By Robert Braile, D.C.
To help fight the spiraling costs of health care, one of the newest buzz words being thrown around is "Managed Competition". The proponents of this type of thinking believe that insurance-type conglomerations, with their own list of physicians, can compete against each other and therefore bring down the cost of health care. The reasoning is that open "free competition" between individual doctors in the health care system has not worked in the past, and therefore this new "managed" system should help control health care costs.
Unfortunately, this newer system is doomed to failure for the same reasons that our current system is out of control. The basic problem is that we have never really had any type of competition in our healthcare system, and the new Managed Care approach solidifies this even more. In business, the major factor that keeps prices of goods and services under control is competition. If General Motors were the only car company, the prices of cars would be much higher than present, because GM would not have to worry about losing business to Ford or the Japanese auto makers. If New York City only had one restaurant, how much would a meal cost? It is for this reason that we have antitrust laws to protect us against business monopolies. However these laws have never applied to health care.

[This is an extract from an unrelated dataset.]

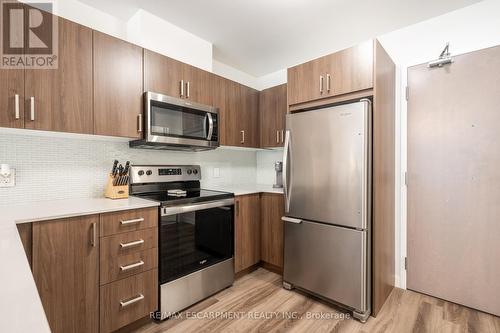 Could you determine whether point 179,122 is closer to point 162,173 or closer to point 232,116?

At present we live under a "Medical Monopoly". If you are sick, in pain, or have a health problem of any kind, you are led to believe that the only choice you really have is to see a medical doctor. You are swayed in this direction because for decades the government has pumped billions of dollars into the medical community and excluded all other forms of health care. You are probably also swayed in the medical direction because your insurance or Medicare or Medicaid pays better benefits if you go this route. In reality most people will choose the type of doctor that their insurance pays for.
If the government paid each consumer 80% of the cost of purchasing a new car from GM, who would buy a car from Chrysler or Toyota? And after a while how much would that GM car cost? If in addition to this, if the government spent billions on research to help GM, spent millions to subsidize GM employee training schools, and millions on public education about the benefits of GM cars, how many other car companies would survive?
This is exactly the type of system we have lived under over the past few decades. This is the type of system that has fostered the increases in medical expenses until our nation now spends 14% of our gross national product on medical care. This is the same type of system "Managed Competition" now offers. With this system, we are, and will continue to be under a Medical Monopoly.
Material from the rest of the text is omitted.